──────── Excerpted records ────────

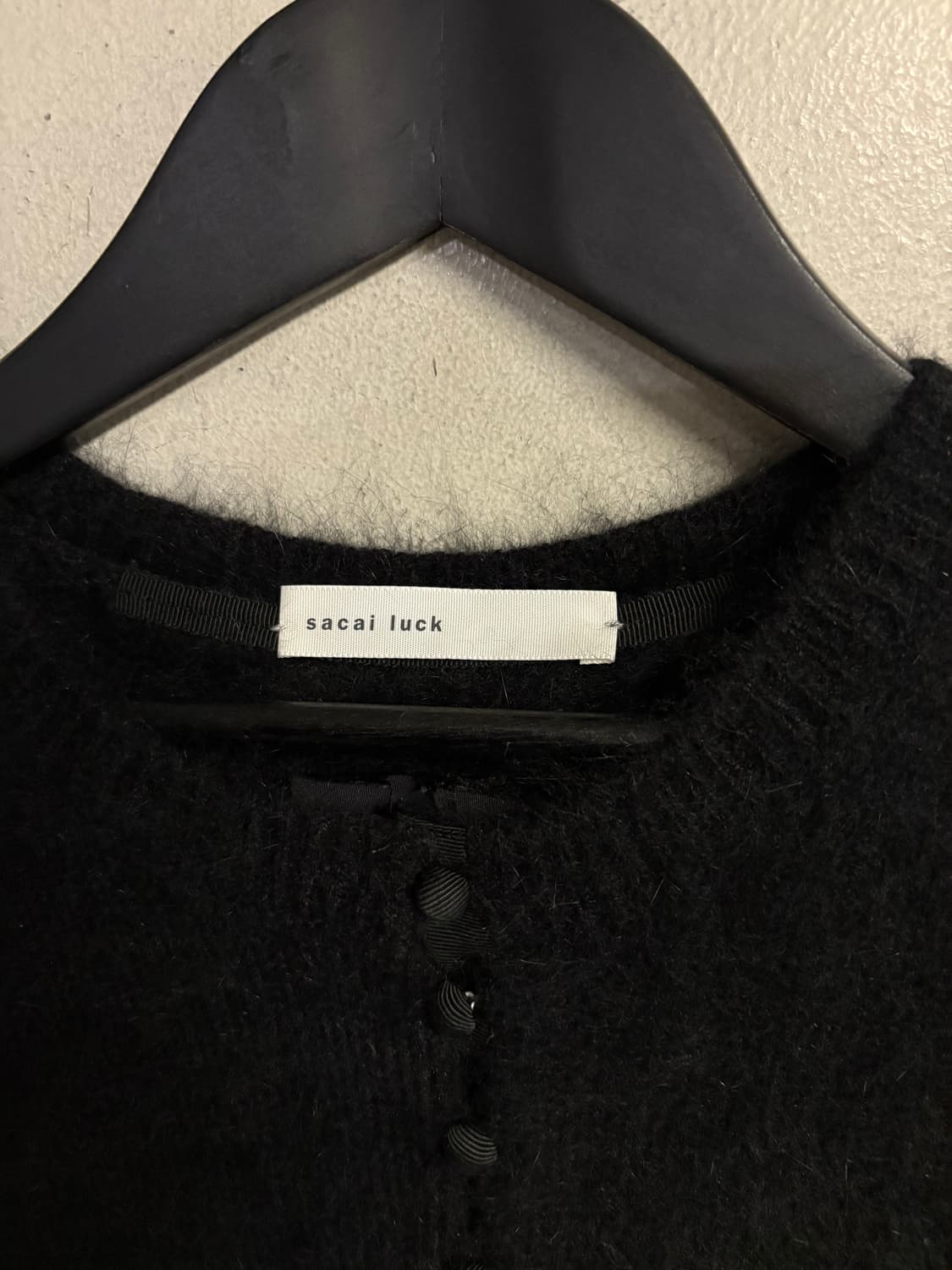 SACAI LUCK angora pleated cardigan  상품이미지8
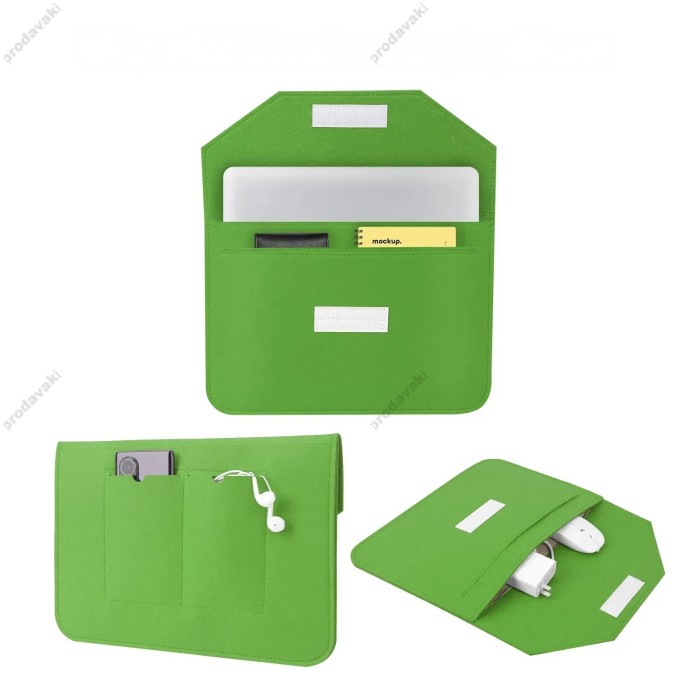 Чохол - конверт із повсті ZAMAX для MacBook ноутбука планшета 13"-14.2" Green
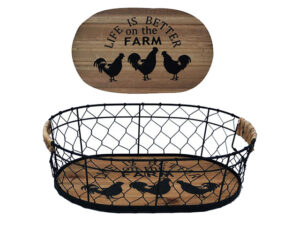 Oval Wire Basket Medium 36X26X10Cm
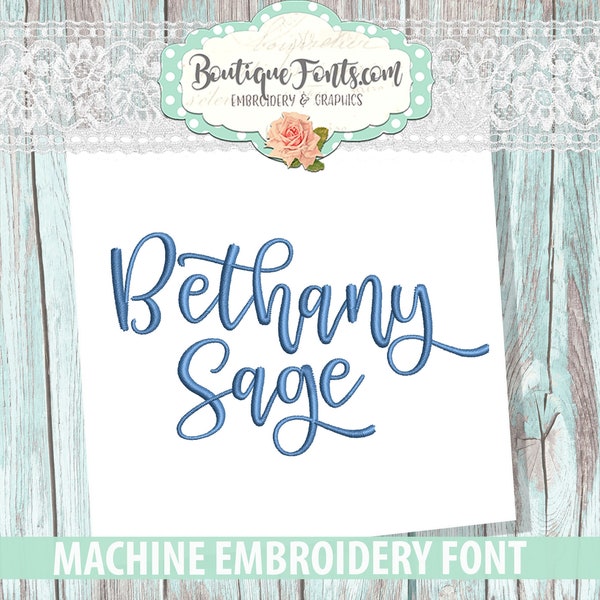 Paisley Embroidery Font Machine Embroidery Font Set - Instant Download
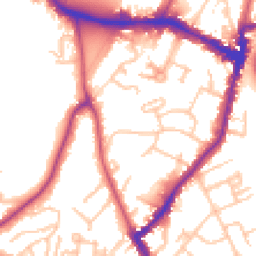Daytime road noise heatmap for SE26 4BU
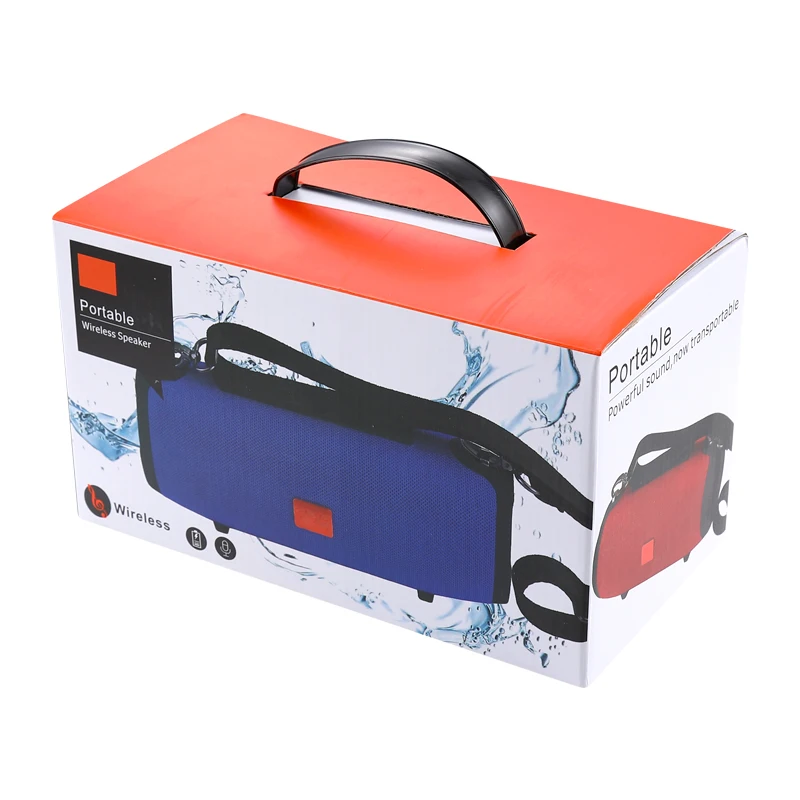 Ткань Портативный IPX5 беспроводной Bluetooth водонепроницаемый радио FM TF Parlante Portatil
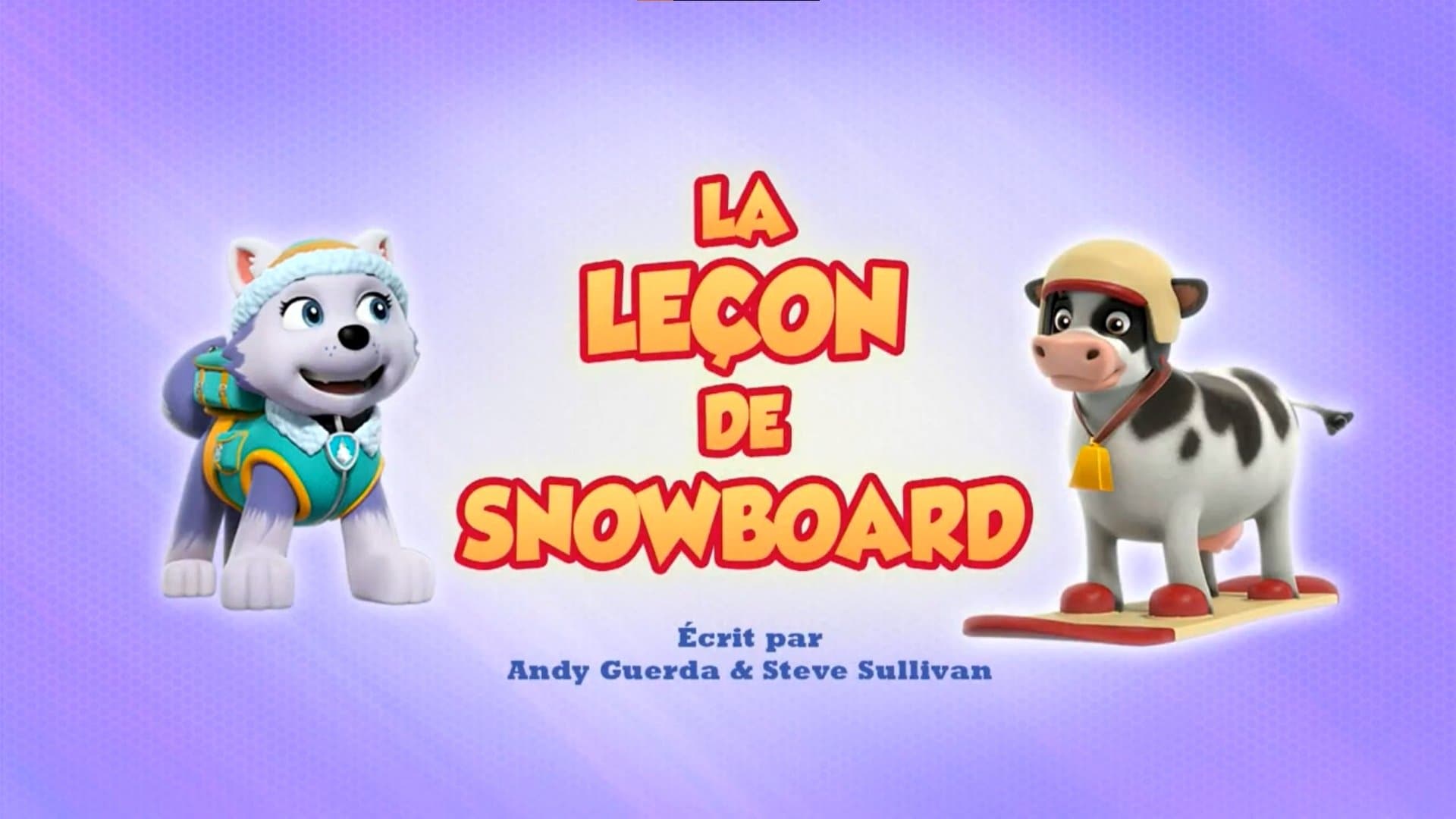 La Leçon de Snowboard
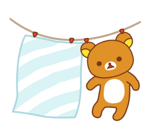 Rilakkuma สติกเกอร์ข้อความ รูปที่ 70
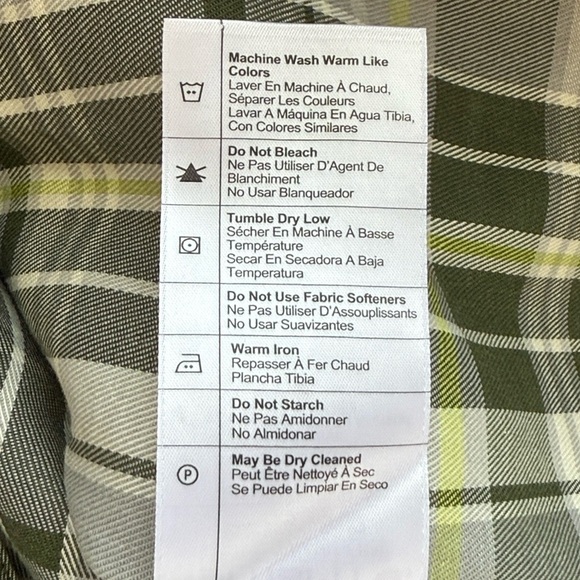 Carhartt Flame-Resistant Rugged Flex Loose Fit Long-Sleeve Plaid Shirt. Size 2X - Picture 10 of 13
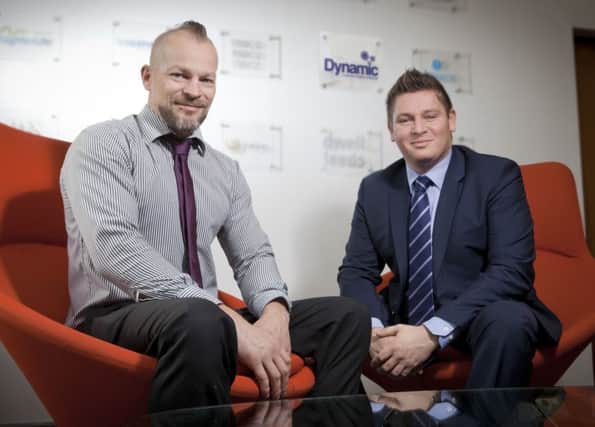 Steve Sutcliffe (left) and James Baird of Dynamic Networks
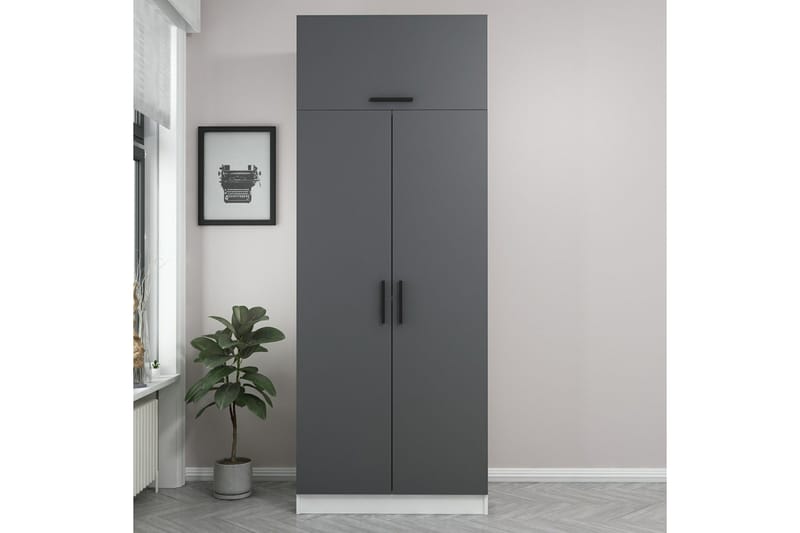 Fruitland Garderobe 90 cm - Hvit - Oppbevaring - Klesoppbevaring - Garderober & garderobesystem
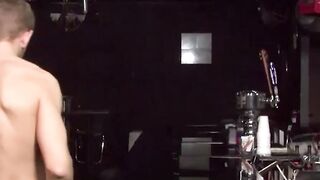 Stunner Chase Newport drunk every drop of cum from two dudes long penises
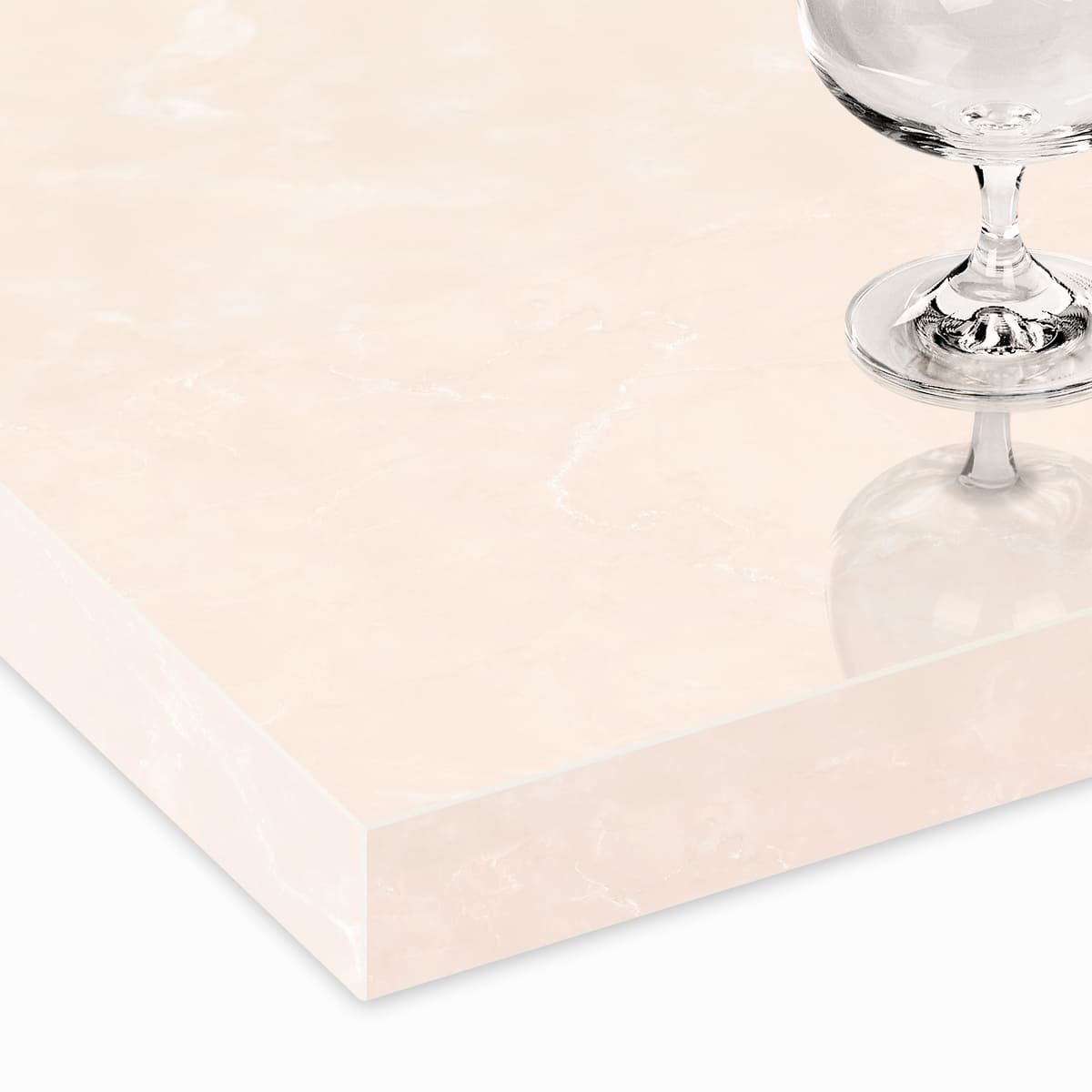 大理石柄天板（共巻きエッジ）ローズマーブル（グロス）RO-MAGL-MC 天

────────

* _Brief_: Return every line above verbatim, pictures excluded.

* _Exercise output_:
 SACAI LUCK angora pleated cardigan  상품이미지8
 Чохол - конверт із повсті ZAMAX для MacBook ноутбука планшета 13"-14.2" Green
 Oval Wire Basket Medium 36X26X10Cm
 Paisley Embroidery Font Machine Embroidery Font Set - Instant Download
Daytime road noise heatmap for SE26 4BU
 Ткань Портативный IPX5 беспроводной Bluetooth водонепроницаемый радио FM TF Parlante Portatil
 La Leçon de Snowboard
 Rilakkuma สติกเกอร์ข้อความ รูปที่ 70
 Carhartt Flame-Resistant Rugged Flex Loose Fit Long-Sleeve Plaid Shirt. Size 2X - Picture 10 of 13
 Steve Sutcliffe (left) and James Baird of Dynamic Networks
 Fruitland Garderobe 90 cm - Hvit - Oppbevaring - Klesoppbevaring - Garderober & garderobesystem
 Stunner Chase Newport drunk every drop of cum from two dudes long penises
 大理石柄天板（共巻きエッジ）ローズマーブル（グロス）RO-MAGL-MC 天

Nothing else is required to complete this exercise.